Remaining on the theme of sentencing and politics, I guess we need to note the irony of the Centre for Justice Innovation publishing its Smarter Community Sentences report last week calling for an end to cliches, just before Boris Johnson indulged in classic cliche gesture politics of tougher sentencing. Politicians have learnt that it's a popular card well worth playing especially if you're not very popular. This from the Law Society Gazette:-

Thinktank backs smarter community sentences to cut reoffending

The government has been urged to move away from the old clichés of tough and soft justice and focus more on making community sentences ahead of a sentencing white paper due to be published shortly.

The Centre for Justice Innovation says in its latest report that evidence clearly shows community sentences reduce re-offending more than short custodial sentences. However, there has been a 46% decline in their use over the past 10 years in England and Wales. Those advocating for short custodial sentences as opposed to community ones ‘are, in short, recommending that communities and victims suffer more from crime, not less’.

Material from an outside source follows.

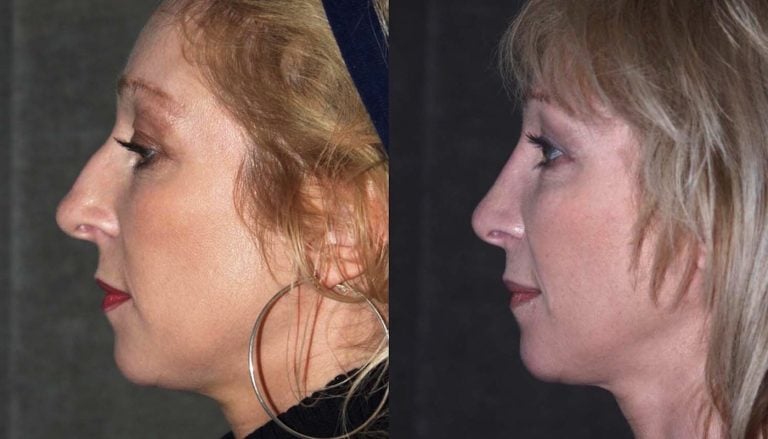 Rhinoplasty-before-and-16-months-after-side-view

The centre believes the forthcoming white paper and ongoing work to reform the probation system provide the government with real opportunities to reform community sentencing, and highlights successul initiatives in other jurisdictions.

Describing unpaid work as the ‘backbone’ of community sentences, the report cites 2016 inspectorate findings that 35% of probationers had not started their unpaid work within two weeks of being sentenced. The centre says reforms in Scotland to unpaid work within their Community Payback Orders have focused on improving the speed with which placements are commenced and completed. The report recommends ‘short, swift’ unpaid work orders and empowering courts to set time limits.

The ministry and probation service should shorten the overall length of community sentences given to low-risk offenders. This would free up time for probation staff to concentrate on supervising higher-risk groups. The report says the ministry could learn lessons from Northern Ireland’s Enhanced Combination Order, which includes psychological assessments in respect of mental health issues and family support work. The offending rate of ECO participants in the six months following sentence was 17.3% compared to a 57.7% re-offending rate in the six months prior to sentencing.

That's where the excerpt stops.